What needs to be done:
Only one span of the listing below should come back. It runs from the line with "nsfw,masterpiece,Highest Quality, LATEST" through the line with "Пациента районной больницы", and each of its lines must be reproduced exactly.

Information supplied:
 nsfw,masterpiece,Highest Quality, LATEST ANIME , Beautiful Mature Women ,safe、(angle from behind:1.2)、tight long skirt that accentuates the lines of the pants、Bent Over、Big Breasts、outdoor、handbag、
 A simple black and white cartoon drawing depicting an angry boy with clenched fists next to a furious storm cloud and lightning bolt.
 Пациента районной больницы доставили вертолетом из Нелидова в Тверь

* * *

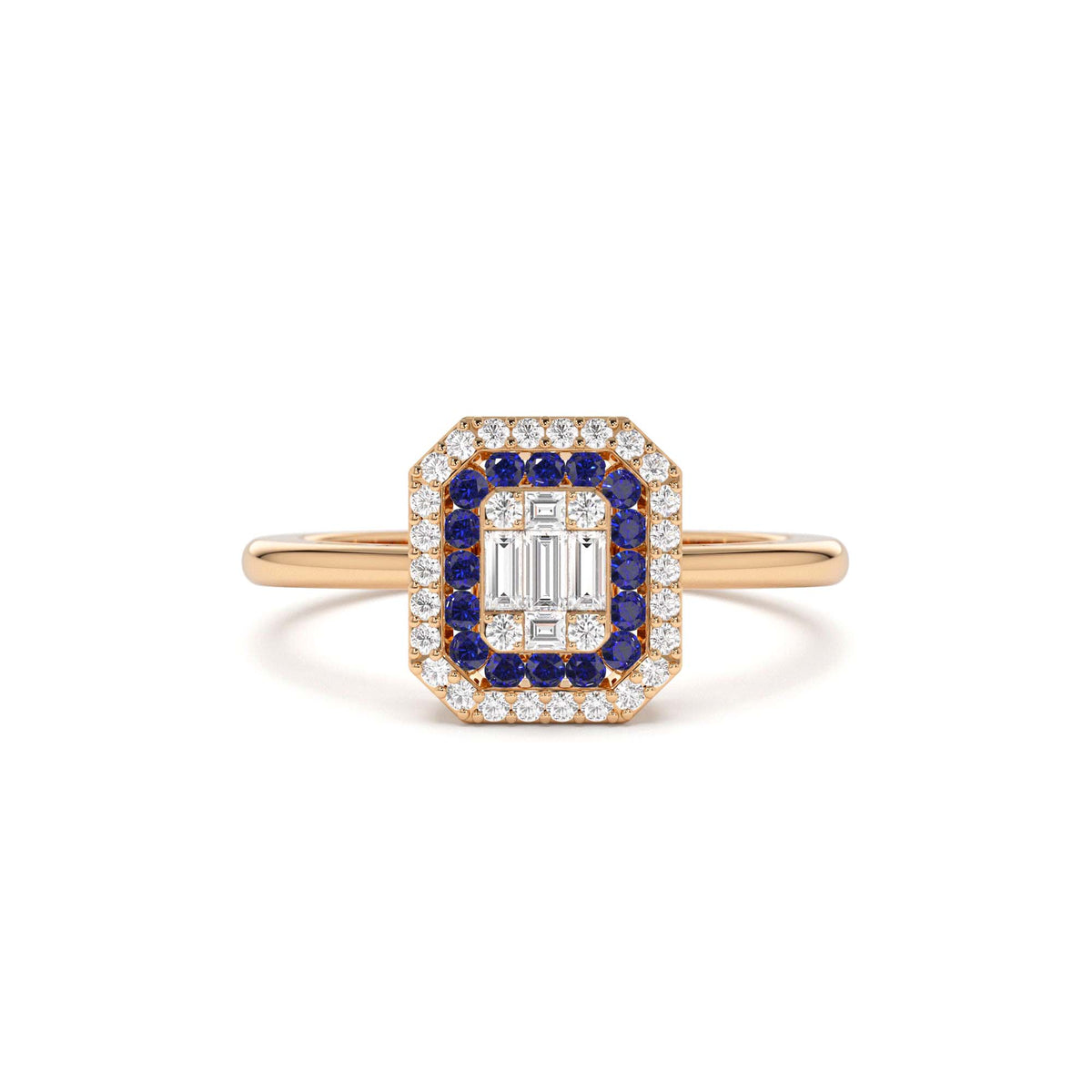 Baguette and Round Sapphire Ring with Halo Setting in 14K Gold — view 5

Response area:
 nsfw,masterpiece,Highest Quality, LATEST ANIME , Beautiful Mature Women ,safe、(angle from behind:1.2)、tight long skirt that accentuates the lines of the pants、Bent Over、Big Breasts、outdoor、handbag、
 A simple black and white cartoon drawing depicting an angry boy with clenched fists next to a furious storm cloud and lightning bolt.
 Пациента районной больницы доставили вертолетом из Нелидова в Тверь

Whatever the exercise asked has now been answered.